• EXERCISE PROMPT
Where the line containing "11b Collegamento mediante" appears, begin retyping; continue exactly through the final line of the data. Omit every picture.

• DATA
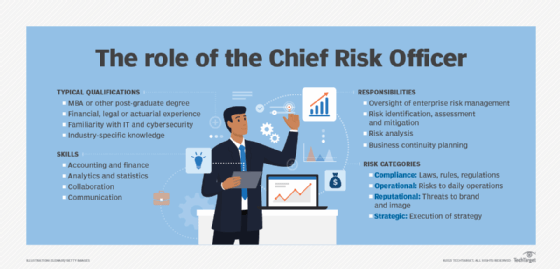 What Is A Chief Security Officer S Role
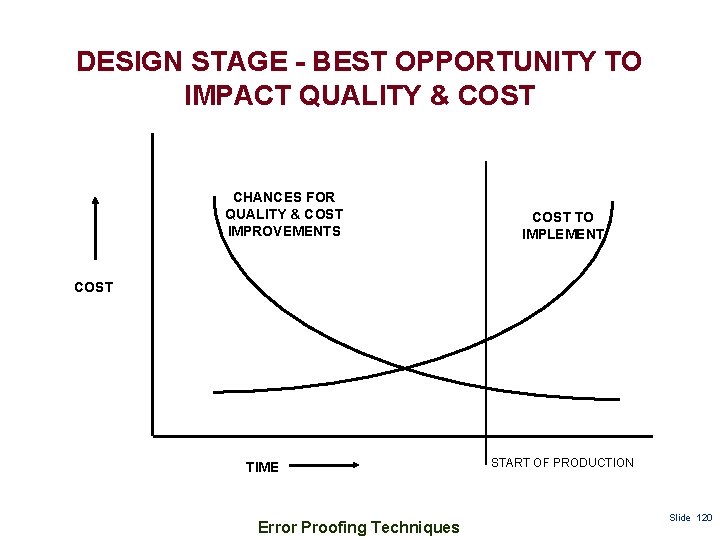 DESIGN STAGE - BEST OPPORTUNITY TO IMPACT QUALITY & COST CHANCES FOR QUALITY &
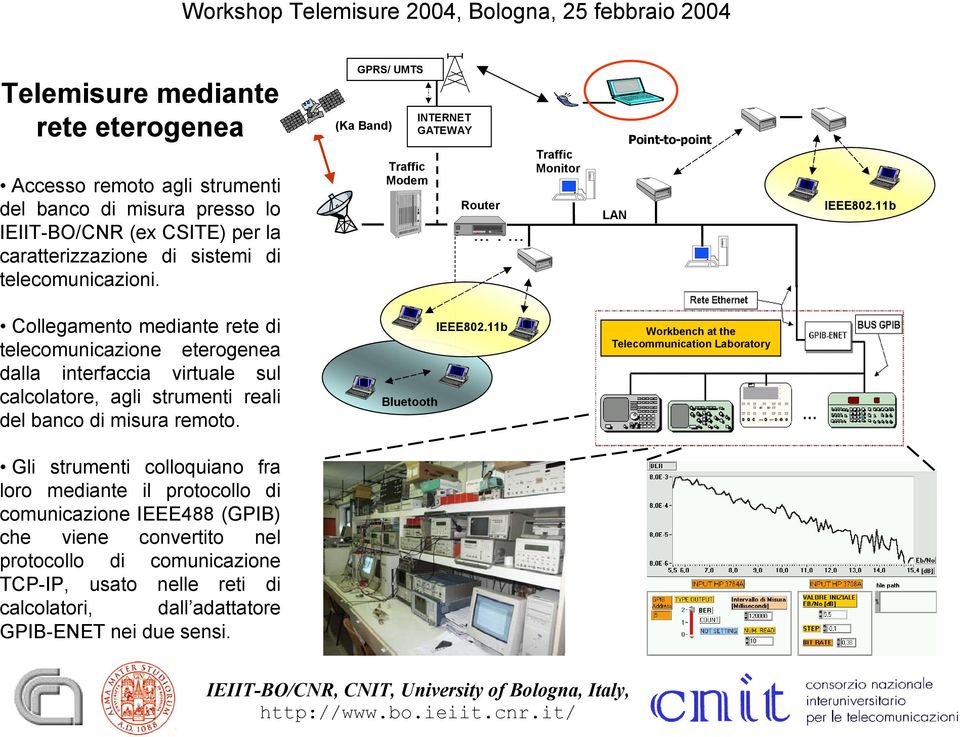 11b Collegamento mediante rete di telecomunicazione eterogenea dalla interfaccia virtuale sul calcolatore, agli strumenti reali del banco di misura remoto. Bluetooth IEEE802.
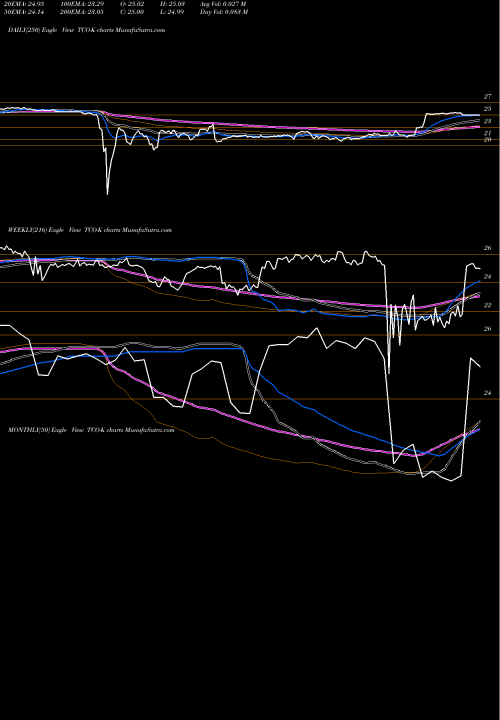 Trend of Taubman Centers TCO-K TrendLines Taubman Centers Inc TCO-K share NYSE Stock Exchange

• EXERCISE RESPONSE
 11b Collegamento mediante rete di telecomunicazione eterogenea dalla interfaccia virtuale sul calcolatore, agli strumenti reali del banco di misura remoto. Bluetooth IEEE802.
 Trend of Taubman Centers TCO-K TrendLines Taubman Centers Inc TCO-K share NYSE Stock Exchange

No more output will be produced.